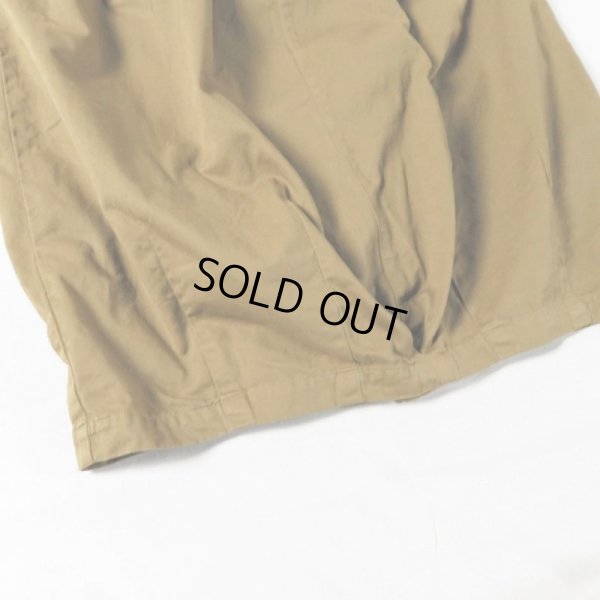 画像7: HARVESTY / ハーベスティ サーカススカート (7)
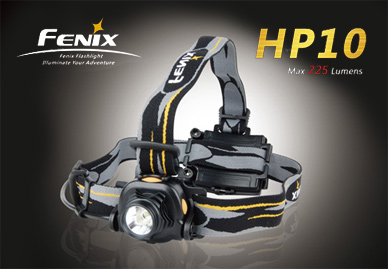 Fenix HP10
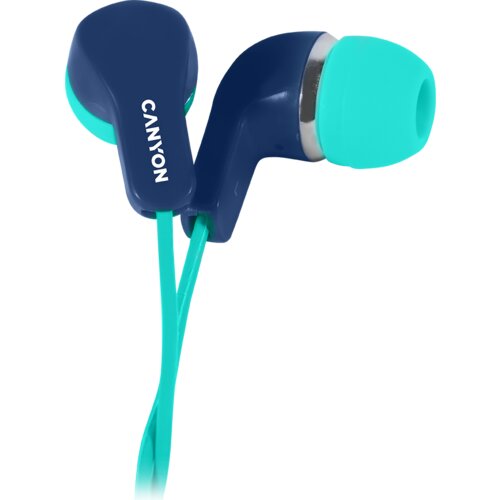 Canyon headphones EPM-02 Mic 1.2 Cijene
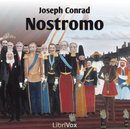 Nostromo by Joseph Conrad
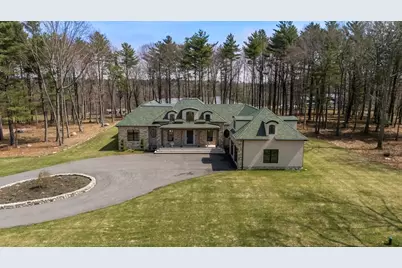 252 Winter Street, Norwell, MA 02061 - Photo 1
****************************************
**Task description:**
When you output the entries, keep each line exactly as it is and leave out any pictures.

**Response to the task:**
 画像7: HARVESTY / ハーベスティ サーカススカート (7)
 Fenix HP10
 Canyon headphones EPM-02 Mic 1.2 Cijene
 Nostromo by Joseph Conrad
 252 Winter Street, Norwell, MA 02061 - Photo 1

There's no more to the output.